## PROBLEM:
Images are to be excluded, and the rest of the data repeated exactly.

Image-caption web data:
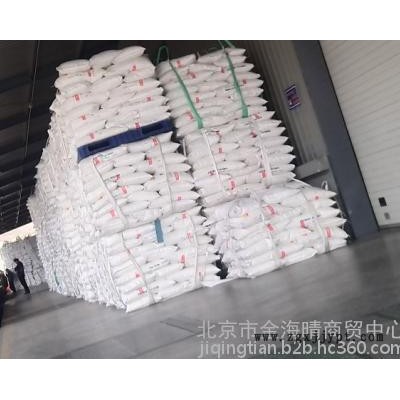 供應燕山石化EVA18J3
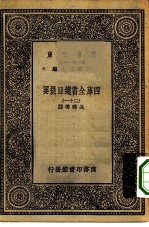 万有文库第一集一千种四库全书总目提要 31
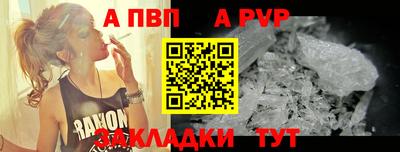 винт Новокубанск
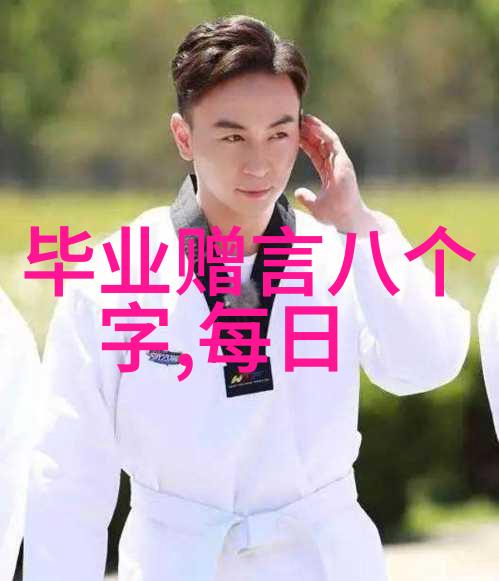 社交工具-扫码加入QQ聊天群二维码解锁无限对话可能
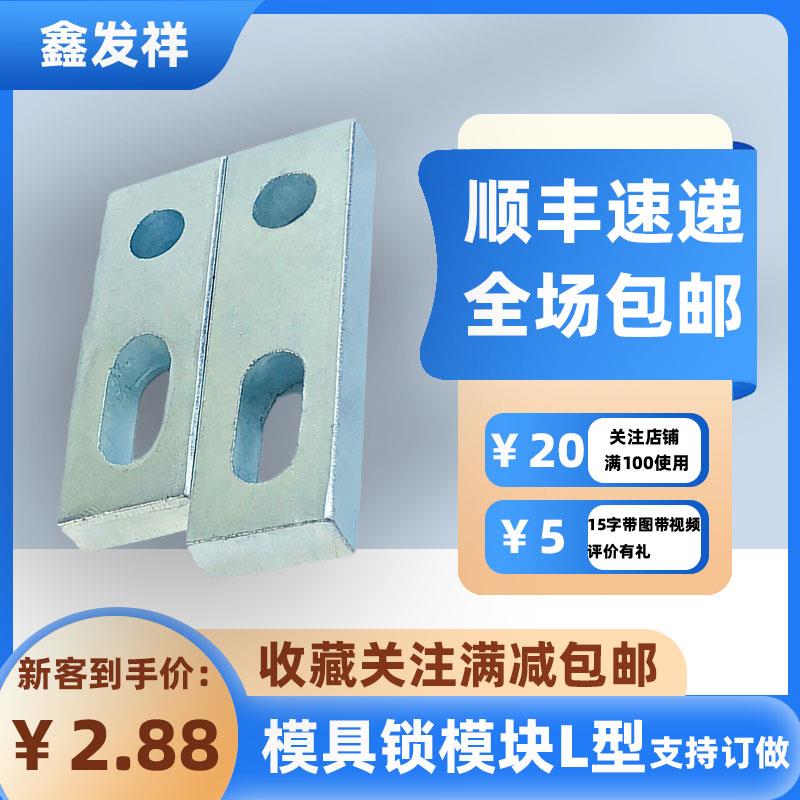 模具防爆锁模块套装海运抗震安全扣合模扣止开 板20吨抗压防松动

## RESPONSE FOR THIS EXERCISE:
 供應燕山石化EVA18J3
 万有文库第一集一千种四库全书总目提要 31
 винт Новокубанск
 社交工具-扫码加入QQ聊天群二维码解锁无限对话可能
 模具防爆锁模块套装海运抗震安全扣合模扣止开 板20吨抗压防松动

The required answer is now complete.